WHAT IS REQUIRED ▸ The copy you return should hold every record below word for word and no images.
....
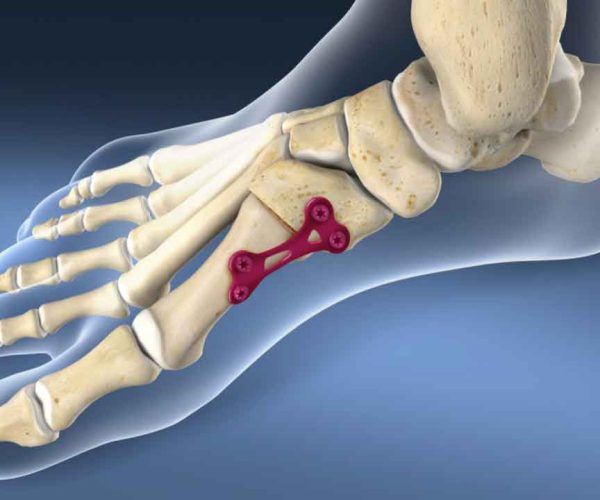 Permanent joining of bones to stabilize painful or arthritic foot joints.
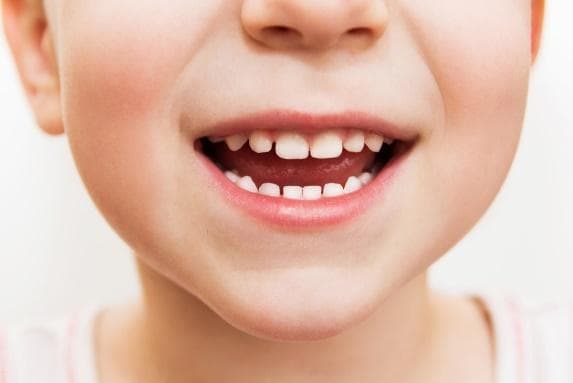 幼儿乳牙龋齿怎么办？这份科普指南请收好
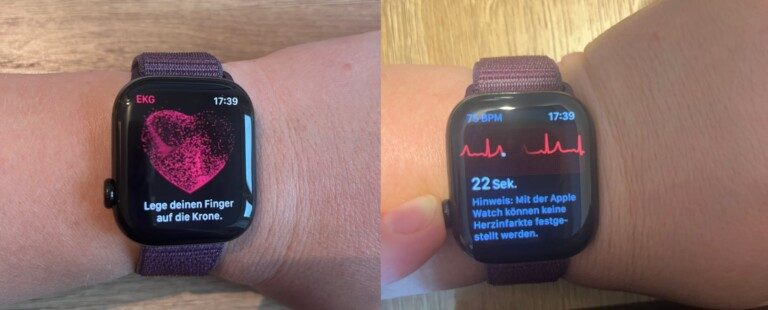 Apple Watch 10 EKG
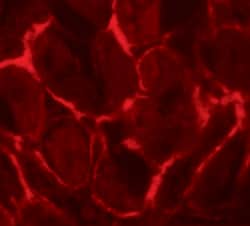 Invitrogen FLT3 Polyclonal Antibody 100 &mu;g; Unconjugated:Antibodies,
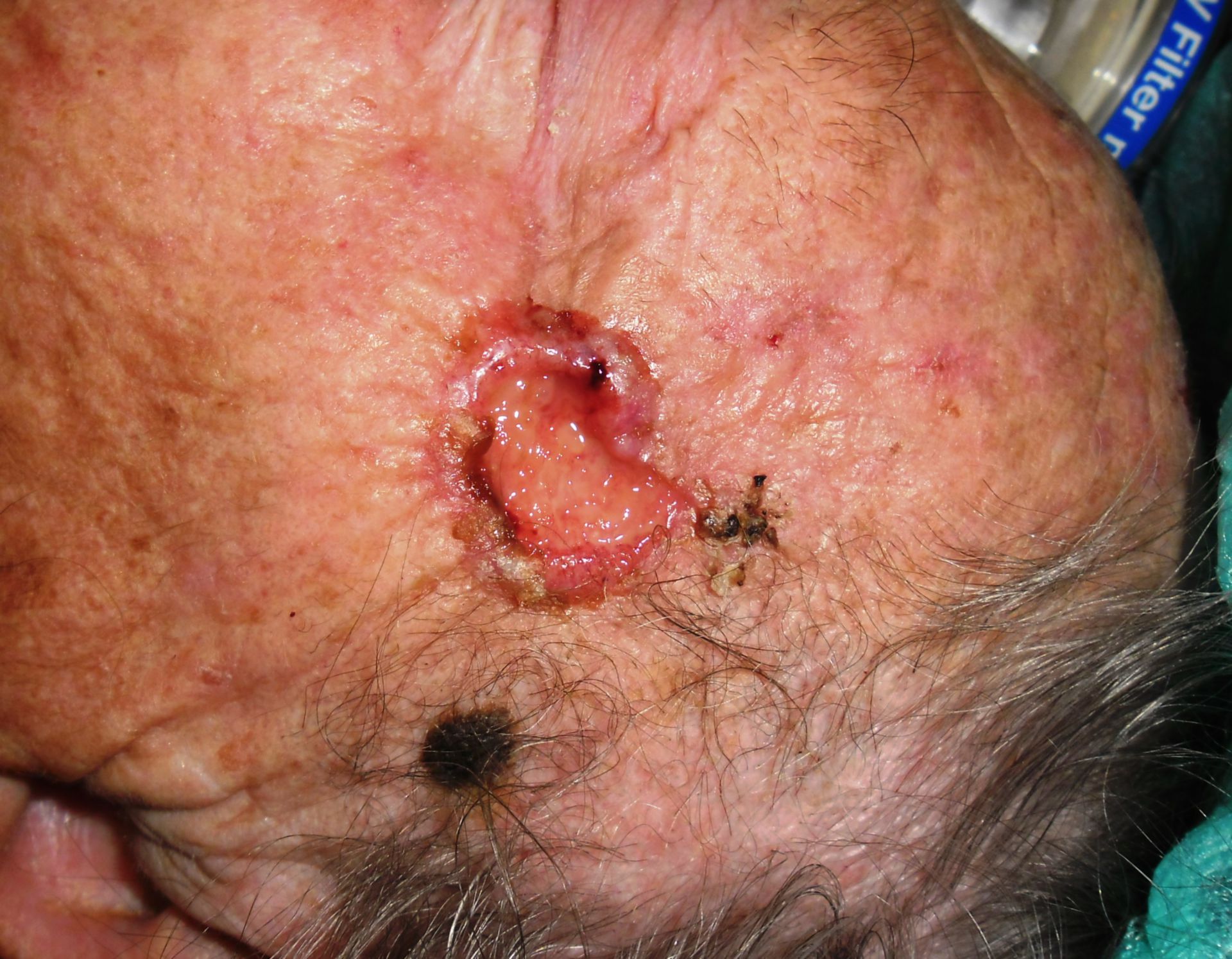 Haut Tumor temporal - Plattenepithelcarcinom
....
RESPONSE BOX ▸
 Permanent joining of bones to stabilize painful or arthritic foot joints.
 幼儿乳牙龋齿怎么办？这份科普指南请收好
 Apple Watch 10 EKG
 Invitrogen FLT3 Polyclonal Antibody 100 &mu;g; Unconjugated:Antibodies,
 Haut Tumor temporal - Plattenepithelcarcinom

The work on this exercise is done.